Saturday, July 31, 2021

Evergreen Review: Navigating the Bangkok Noir

 

by Christopher G. Moore

Bangkok at midnight: streets splashed with neon, tourists feeding bamboo to baby elephants, hookers eating at roadside tables, eyeing those who pass by, and soldiers in combat kit, carrying automatic weapons standing on the BTS, watching, waiting, and taking in the sights. If noir had a smell it would be jasmine on a hot tropical night in Bangkok, the City of Angels. It is a beat that I’ve covered for more than twenty years. The thing with black is even when you scratch the surface you can never find your mark. It vanishes like dreams, hope and love.
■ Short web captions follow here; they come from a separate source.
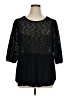 DR2 Black 3/4 Sleeve Blouse Size 1X - photo 1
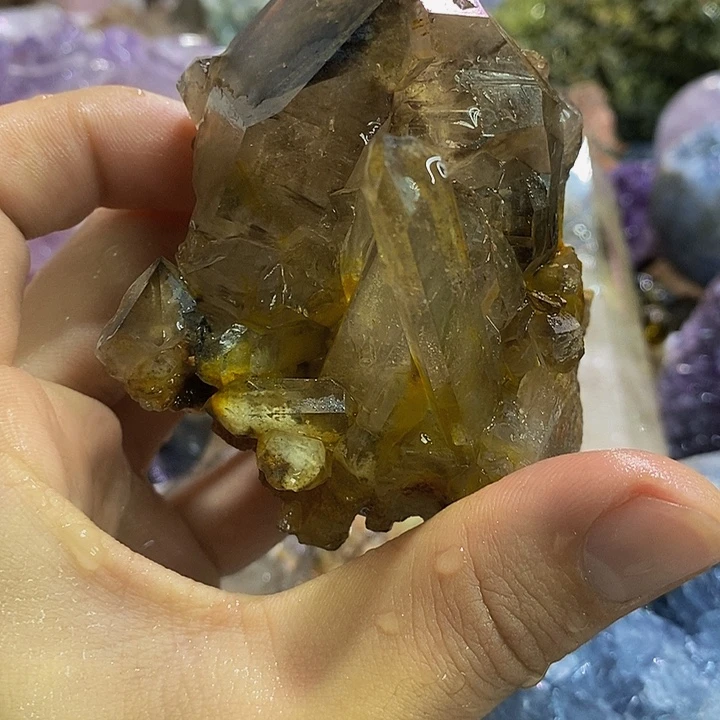 豌***豆水晶珠宝半成品未镶嵌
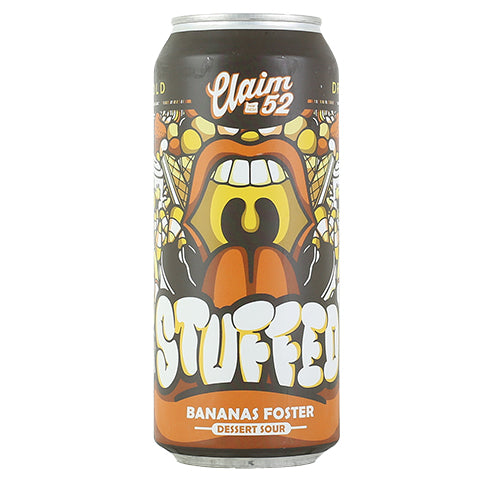 Claim 52 Stuffed Bananas Foster Dessert Sour by Claim 52 Brewing, beer label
Chris Coles likes to say there is a noir movement in Bangkok. The quantum world has a lesson: we must choose between measuring position and velocity of particle. Noir, for me, moves so fast, I can never nail down exactly where it is, where it has been or where it is going. It is a particle in motion smashing through the walls, consciousness and lives of people living in the City of Angels.
Every artistic movement is created by a group of writers, painters, photographers, filmmakers, and lyricists. While they mostly work in isolation from each other, they draw from the same material, and their creativity combines into a larger force than any one of them. In the case of the Bangkok Noir movement, the idea of a noir community started to take shape as these artistic individuals began to assemble in ever larger numbers about ten years ago. A number of factors, social and political, have come together to form a critical mass, allowing for the noir movement to not only take hold, but to gain international attention. Mass media and mass tourism has helped to make the developmental changes into the kind of perfect storm that feeds the instability and insecurity that creates noir.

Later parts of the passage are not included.